There has been much controversy recently around how we measure success in the not-for-profit sector. I really like this TED Talk by Dan Pallotta which challenges conventional thinking in this area and suggests that we:
focus on the scale of charities dreams rather than the size of their overheads.
His argument picks-up five aspects where charities face what he calls ‘discrimination’ against the expectations and standards we have for the private sector:
Pallotta argues that salaries and bonuses that are associated with ‘doing well for yourself’ appear to be almost without limit in the private sector. Whilst ‘doing something good for society’ too often seems to be on the basis of a personal sacrifice rather than a decent salary in the charitable sector. Clearly there needs to be some recognition of the source of the funding and the purposes behind donations but Pallotta’s arguments about achieving scale and outcomes versus keeping overheads down are well made.

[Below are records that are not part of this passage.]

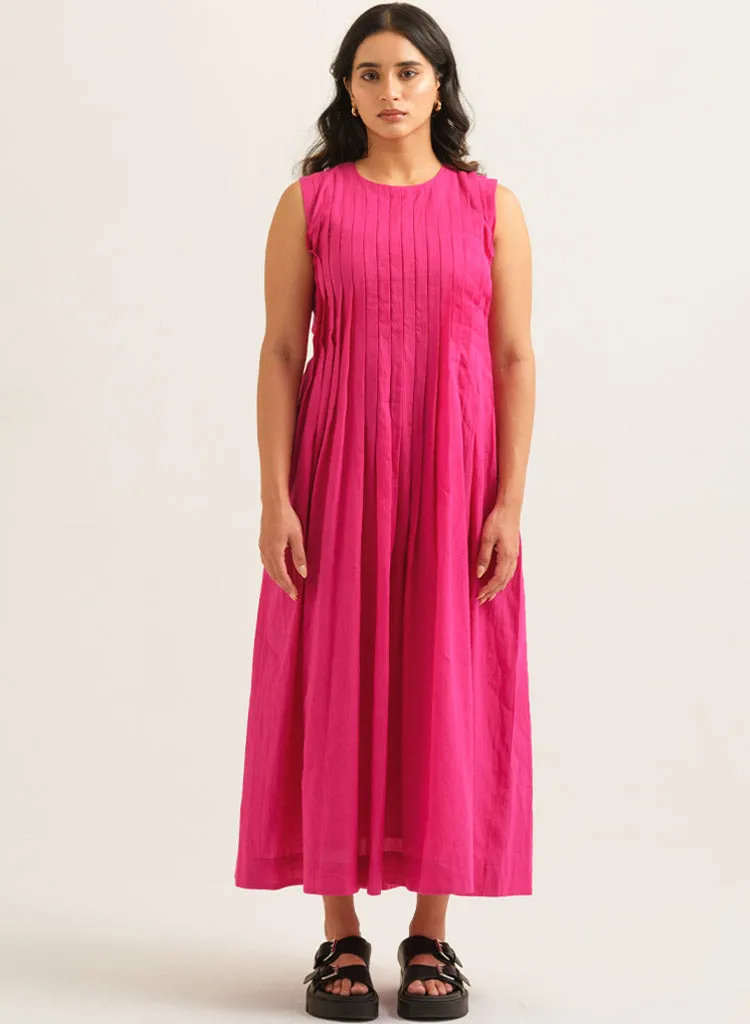 Tara Pleated Dress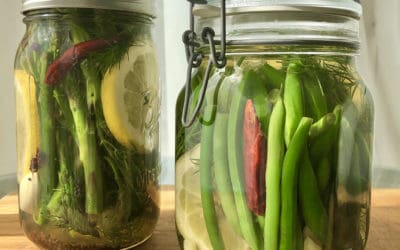 Asparagus Refrigerator Pickles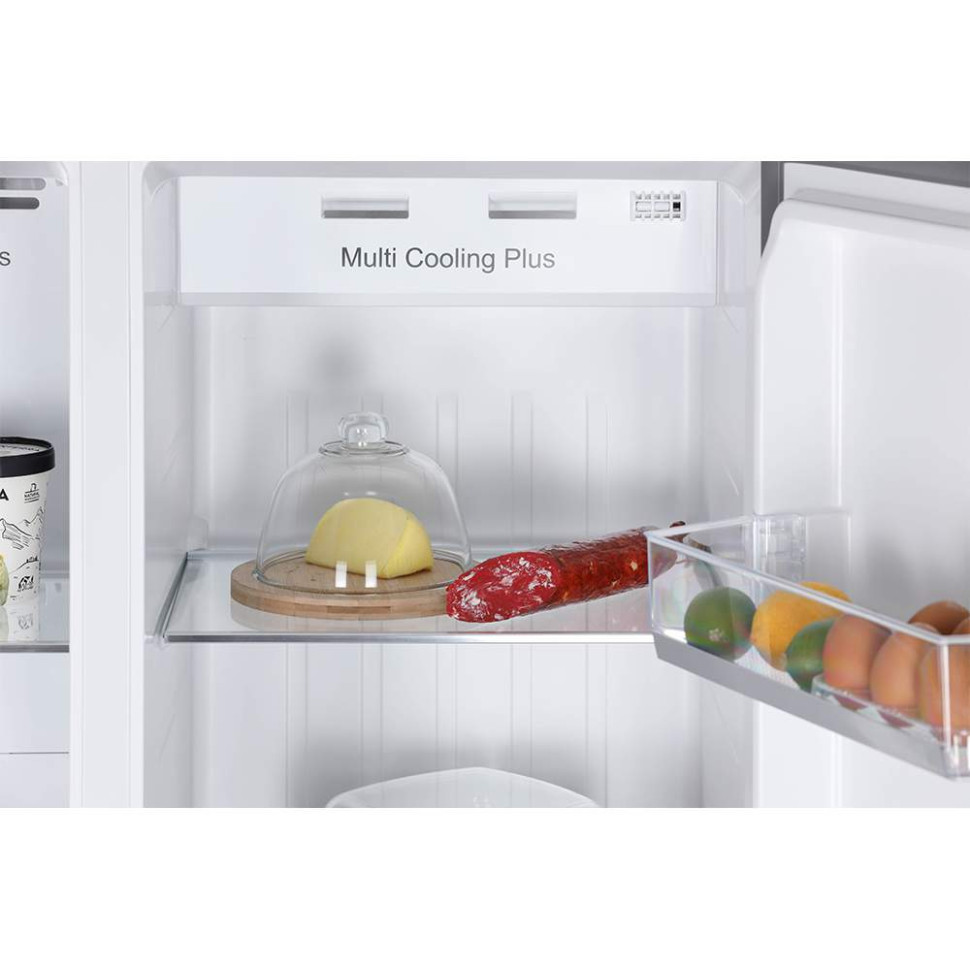 Холодильник side by side NORD RFS 525DX NFGW Холодильник side by side NORD RFS 525DX NFGW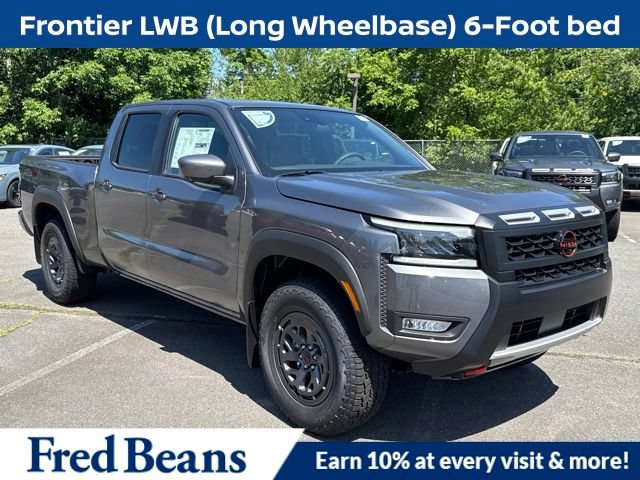 New 2026 Nissan Frontier PRO-4X w/ Pro-4x Convenience Package AWD/4WD video 1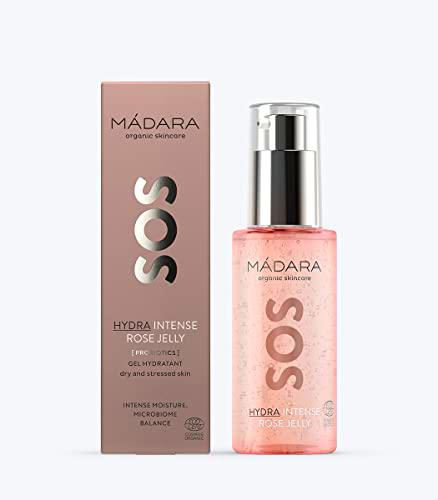 MÁDARA Organic Skincare | SOS Hydra Intense Rose Jelly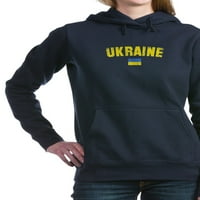 CafePress-Ukrajinska Zastava Vintage Muškarci Žene Deca Ukr Dukserica - Pulover Dukserica, Klasična I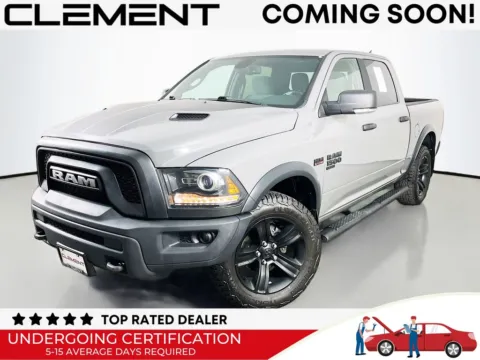 Gray 2022 Ram 1500 Classic Warlock for sale in St. Charles, MO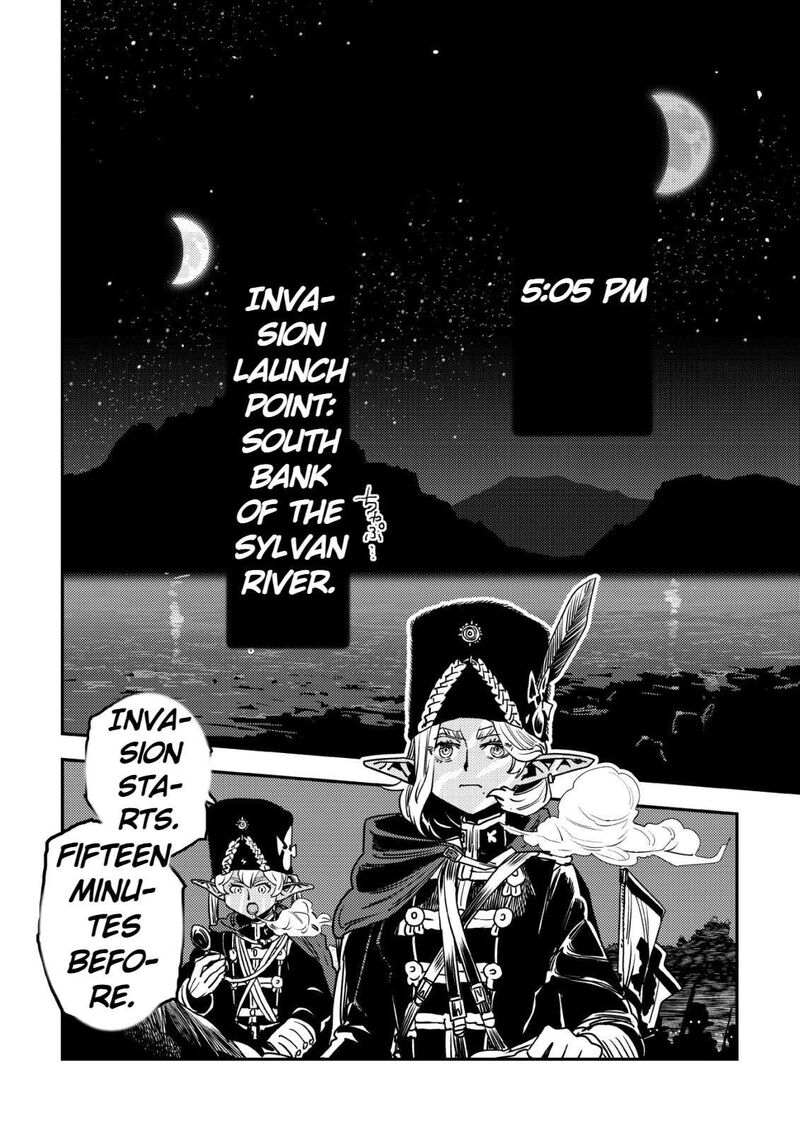 Orcsen Oukokushi Yaban Na Ooku No Kuni Wa Ikanishite Heiwa Na Elf No Kuni Wo Yakiharau Ni Itatta Ka Chapter 14 Page 55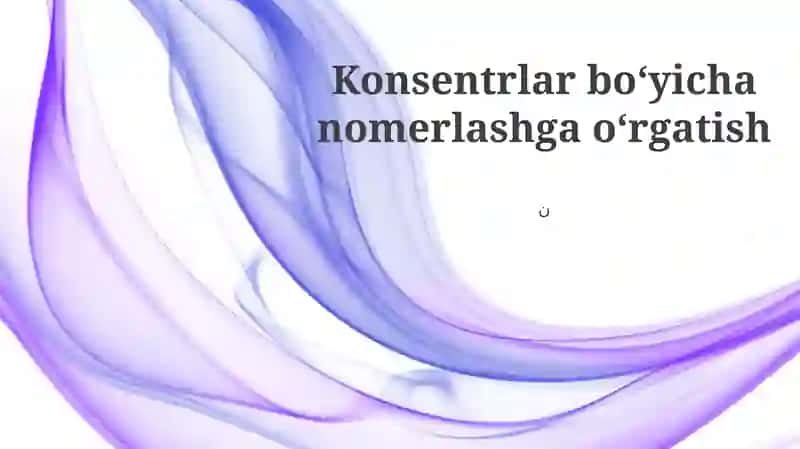 Amaliy qo'llash stsenariylari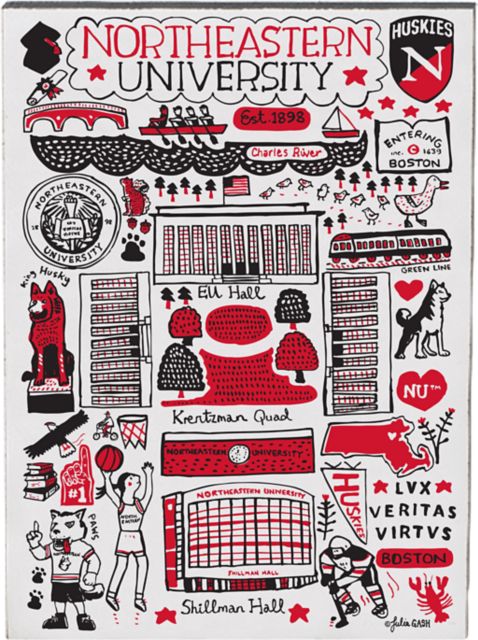 Northeastern University Jumbo Magnet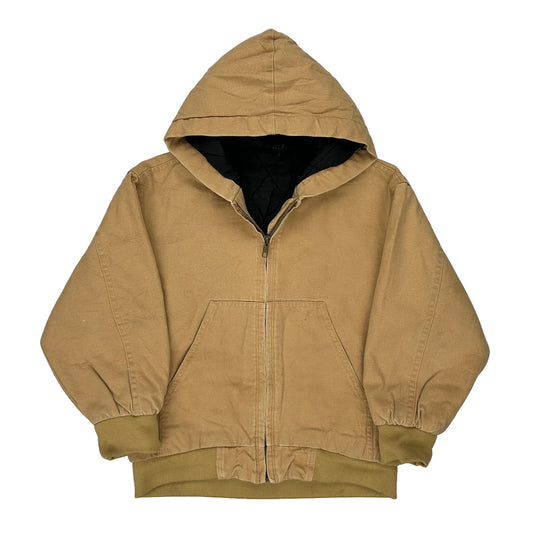 Age 12-14 Unbranded Jacket - Large Beige Cotton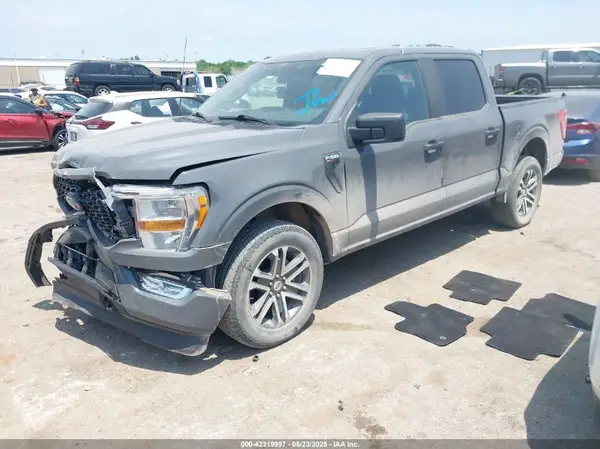 1FTEW1EP2MFB48511 2021 FORD F-150 - Image 2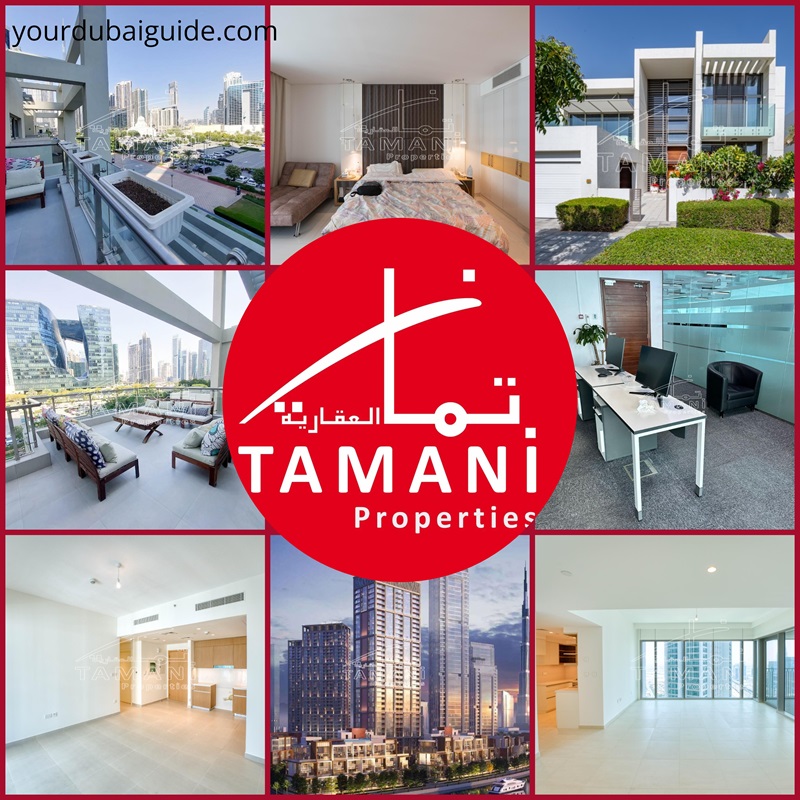 Tamani Properties in Prime Tower, Dubai, UAE Customer Care Phone Number, Email, Address, Hours, How to Reach by Bus, Metro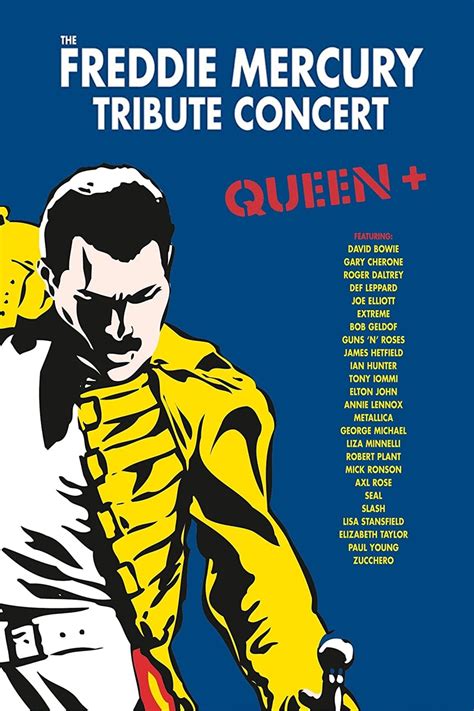 freddie mercury tribute concert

#2 Advertising and marketing
Similarly the private sector ethos is very much you need to spend to make people aware of your product and drive sales. Whilst in the charitable sector advertising is seen as an overhead that is at the expense of the needy rather than a means of potentially raising more money and achieving scale. Advertising appears to be much more acceptable if it is limited to what can be collected as a donation rather than purchased and counted as an overhead.
#3 Risk taking
Like the public sector the charitable sector suffers from a fear of failure and consequently the inevitable dearth of innovation. This means we are left with massive global social and health problems and no serious means of going beyond short-term amelioration to deal with the root causes.
Amazon had at least 6 years of investing in infrastructure with little or no return on investment without much of a problem. Can you imagine a charity that asked for 6 years of donations to build an infrastructure before it could make an impact? Pallotta argues that is exactly how we should be thinking. The major global problems of disease, poverty and environment are not susceptible to short-term fixes or quick returns on donations.
#5 Profit to attract risk capital
Pallotta argues that because charities are barred from making a profit this denies them access to the $trillion capital markets. I’m not so sure about this one but it might be that charities developing ring-fenced for-profit projects could work as a way of driving forward innovative solutions. However, I think that charities working in partnership with private companies that are prepared to carry some of the risk (with complete financial transparency as pre-condition) might be a better model.
Overall Pallotta makes a good case for rethinking the business model for charities. His conclusion is that the epitaph of our generation should not be be that ‘we kept the overheads of charities low’ but rather that ‘we helped to resource the achievement of their dreams’. I for one would be more than happy with that!